╭─ EXTRACTED DATA

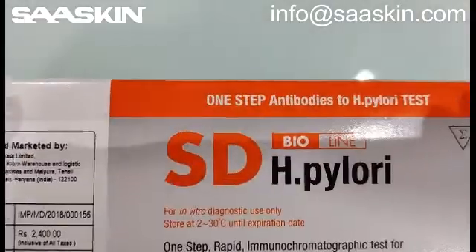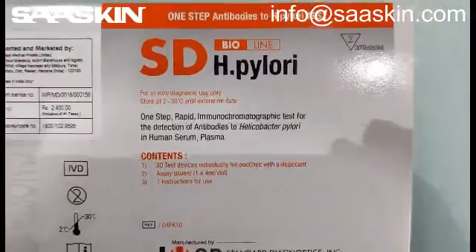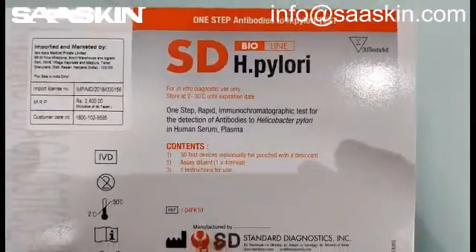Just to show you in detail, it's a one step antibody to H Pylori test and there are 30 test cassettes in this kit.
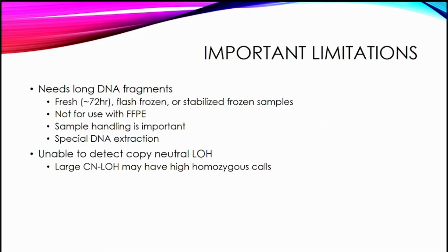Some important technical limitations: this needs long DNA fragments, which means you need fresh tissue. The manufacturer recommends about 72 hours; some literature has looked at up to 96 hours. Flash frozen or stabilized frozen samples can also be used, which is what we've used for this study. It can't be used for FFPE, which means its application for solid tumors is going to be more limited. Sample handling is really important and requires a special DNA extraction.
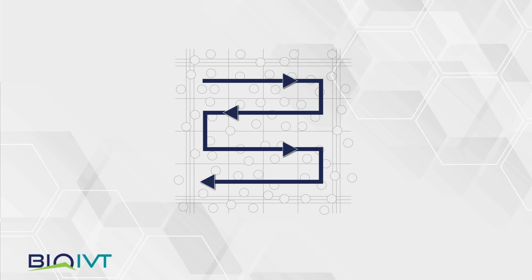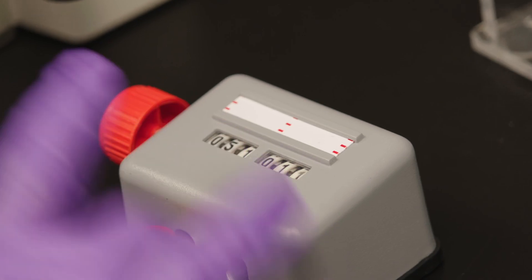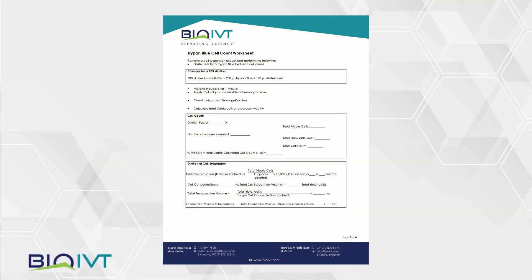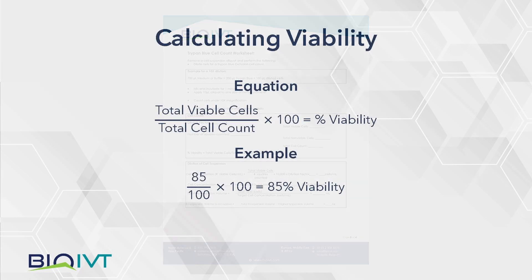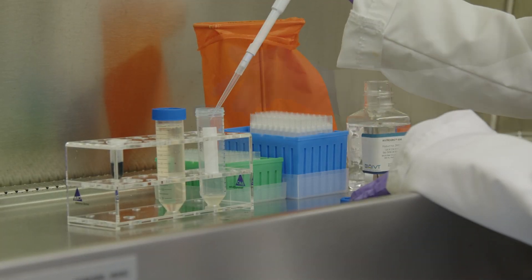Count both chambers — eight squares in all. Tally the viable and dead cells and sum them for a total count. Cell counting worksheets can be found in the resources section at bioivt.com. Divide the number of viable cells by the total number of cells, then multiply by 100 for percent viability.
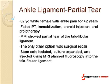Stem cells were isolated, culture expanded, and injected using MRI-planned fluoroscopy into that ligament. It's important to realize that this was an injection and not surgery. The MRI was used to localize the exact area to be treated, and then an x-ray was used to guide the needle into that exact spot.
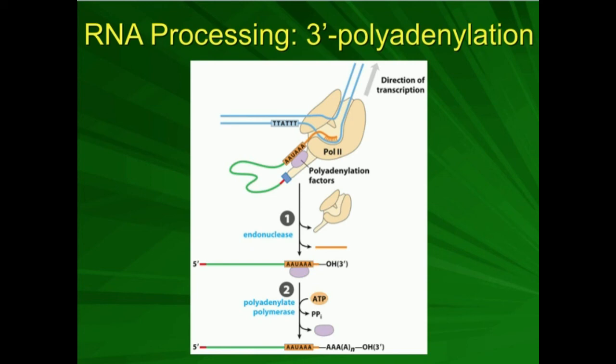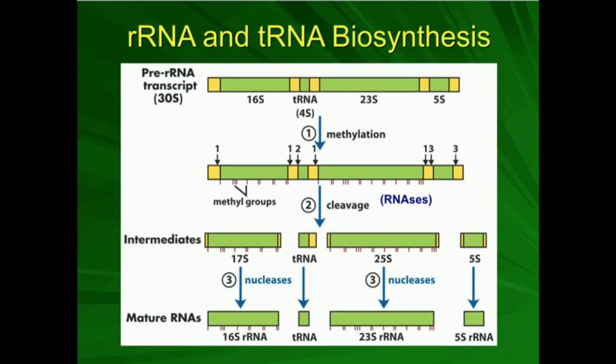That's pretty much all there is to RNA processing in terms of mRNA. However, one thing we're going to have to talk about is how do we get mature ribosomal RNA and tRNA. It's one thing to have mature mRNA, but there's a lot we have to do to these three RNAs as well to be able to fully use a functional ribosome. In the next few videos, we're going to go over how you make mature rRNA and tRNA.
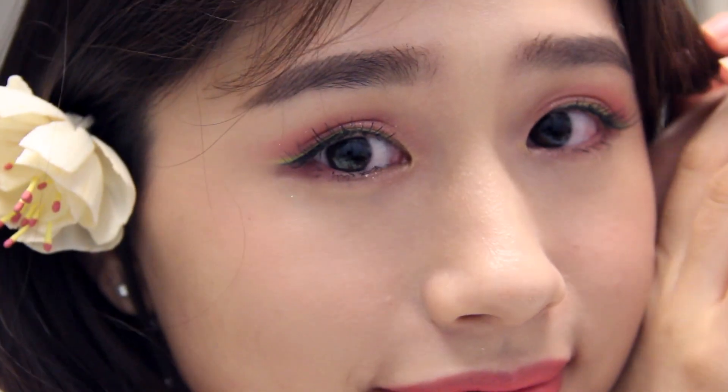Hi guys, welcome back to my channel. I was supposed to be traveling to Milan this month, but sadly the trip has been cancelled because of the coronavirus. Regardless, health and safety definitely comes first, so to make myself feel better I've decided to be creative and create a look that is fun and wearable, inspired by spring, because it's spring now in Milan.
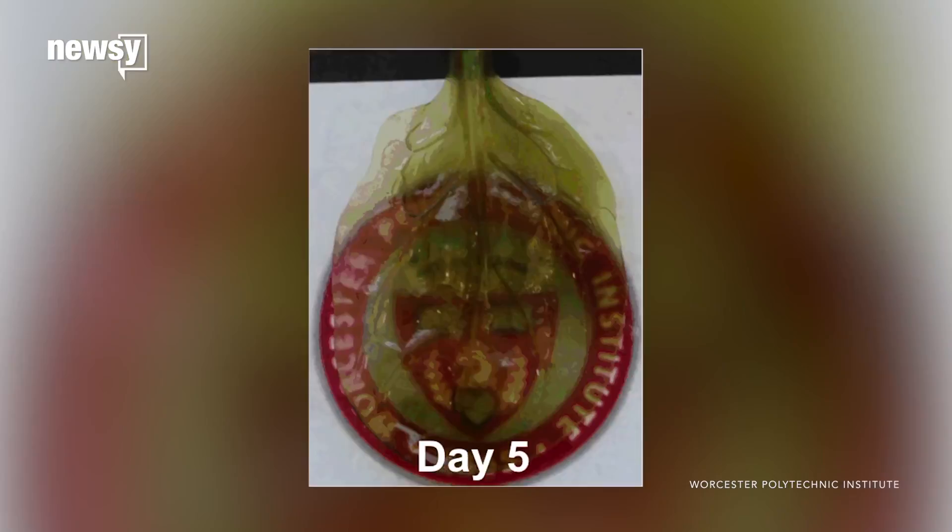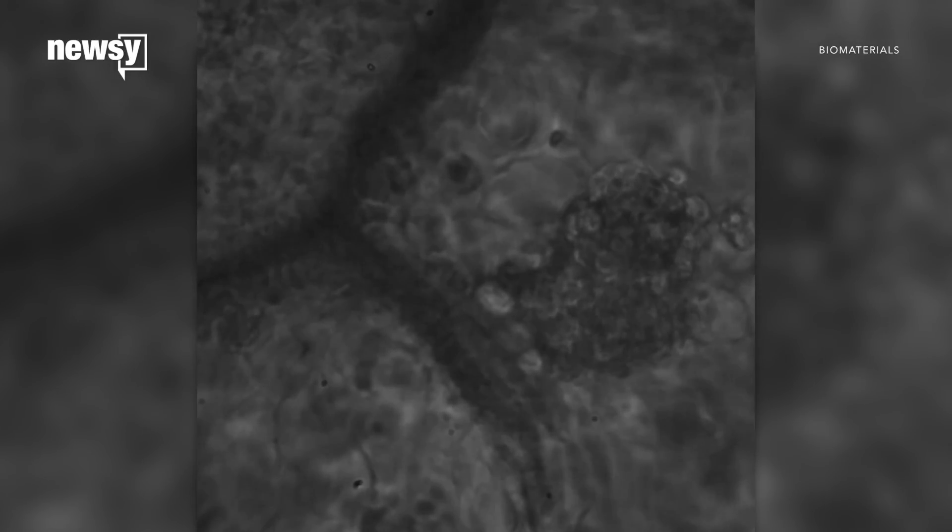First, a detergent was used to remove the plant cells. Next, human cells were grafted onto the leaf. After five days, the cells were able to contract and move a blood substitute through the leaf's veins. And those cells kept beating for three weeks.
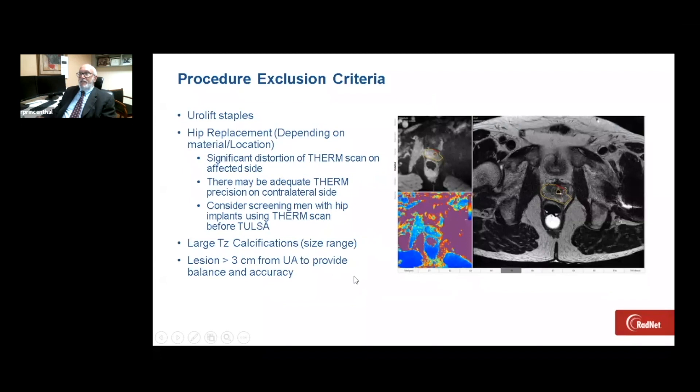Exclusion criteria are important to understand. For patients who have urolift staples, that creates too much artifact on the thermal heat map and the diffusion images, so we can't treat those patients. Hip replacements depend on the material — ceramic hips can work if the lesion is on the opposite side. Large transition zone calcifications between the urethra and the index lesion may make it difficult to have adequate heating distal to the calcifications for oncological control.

╰─

* _TASK PROMPT_: Write out again, exactly, the lines from the start of the listing up to the line containing "Stem cells were", with both ends and without pictures.

* _ANSWER TO THIS PROBLEM_:
Just to show you in detail, it's a one step antibody to H Pylori test and there are 30 test cassettes in this kit.
Some important technical limitations: this needs long DNA fragments, which means you need fresh tissue. The manufacturer recommends about 72 hours; some literature has looked at up to 96 hours. Flash frozen or stabilized frozen samples can also be used, which is what we've used for this study. It can't be used for FFPE, which means its application for solid tumors is going to be more limited. Sample handling is really important and requires a special DNA extraction.
Count both chambers — eight squares in all. Tally the viable and dead cells and sum them for a total count. Cell counting worksheets can be found in the resources section at bioivt.com. Divide the number of viable cells by the total number of cells, then multiply by 100 for percent viability.
Stem cells were isolated, culture expanded, and injected using MRI-planned fluoroscopy into that ligament. It's important to realize that this was an injection and not surgery. The MRI was used to localize the exact area to be treated, and then an x-ray was used to guide the needle into that exact spot.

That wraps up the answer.